%%

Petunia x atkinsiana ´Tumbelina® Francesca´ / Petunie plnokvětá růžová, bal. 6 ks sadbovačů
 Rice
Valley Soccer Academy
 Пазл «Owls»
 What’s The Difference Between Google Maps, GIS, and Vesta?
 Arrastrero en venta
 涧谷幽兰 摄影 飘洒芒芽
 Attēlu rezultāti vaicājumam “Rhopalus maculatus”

%%

Write the data out again in full and exactly.

Petunia x atkinsiana ´Tumbelina® Francesca´ / Petunie plnokvětá růžová, bal. 6 ks sadbovačů
 Rice
Valley Soccer Academy
 Пазл «Owls»
 What’s The Difference Between Google Maps, GIS, and Vesta?
 Arrastrero en venta
 涧谷幽兰 摄影 飘洒芒芽
 Attēlu rezultāti vaicājumam “Rhopalus maculatus”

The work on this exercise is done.